Changes in price can affect buyers' purchasing decisions; this effect is called the income effect. Increases in price, while they don't affect the amount of your paycheck, make you feel poorer than you were before, and so you buy less. Decreases in price make you feel richer, and so you may feel like buying more.
What if we're looking at two goods at once? For instance, a fast food chain sells hamburgers and hot dogs. If the price of hamburgers goes up, but the price of hot dogs stays the same, you might be more inclined to buy a hot dog. This tendency to change your purchase based on changes in relative price is called the substitution effect. When the price of hamburgers goes up, it makes hamburgers relatively expensive and hot dogs relatively cheap, which influences you to buy fewer hamburgers and more hot dogs than you usually would. Likewise, a decrease in hamburger price would cause you to eat more hamburgers and fewer hot dogs, according to the substitution effect.

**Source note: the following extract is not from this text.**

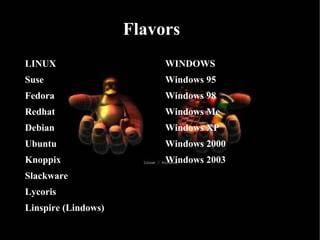 Flavors WINDOWS Windows 95 Windows 98 Windows Me Windows XP Windows 2000 Windows 2003 LINUX Suse Fedora Redhat Debian Ubuntu Knoppix Slackware Lycoris Linspire (Lindows)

The income effect also affects buying decisions when there are two (or more) goods. When the price of hamburgers goes up, it makes you feel relatively poorer, so your tendency might be to buy fewer of both hamburgers and hot dogs.
If you look at the combined results of the income effect and the substitution effect, the total effect is a little unclear. According to the income effect, an increase in the price of hamburgers decreases consumption of both hamburgers and hot dogs. According to the substitution effect, however, hamburger consumption drops, but hot dog consumption rises. Thus, while it is clear what happens to hamburger consumption, since both effects tend to cause a decrease, we cannot be sure what happens to hot dog consumption, since there is both an increase (substitution effect) and a decrease (income effect).
While we cannot be absolutely certain about the net result, in general, the substitution effect is stronger than the income effect. That is, when the price of hamburgers goes up, you will most likely eat fewer hamburgers and more hot dogs, since the change in relative prices (substitution effect) affects you more than the perceived change in your income (income effect).
Another factor influencing demand is one which marketers and advertisers are always trying to understand and target: buyers' preferences. What do people like? When and how do they like it? Still looking at soda, it makes sense that people drink more soda when it's hot, or when they're eating a meal, or when they've been exercising. In these cases, buyers' preferences have changed: they want the soda more, and are therefore willing to pay more for the same good. Likewise, if it's snowing, fewer people will crave a cold soda, and the price they are willing to pay for a cold soda is lower, although they may be willing to pay a little extra money for a hot coffee.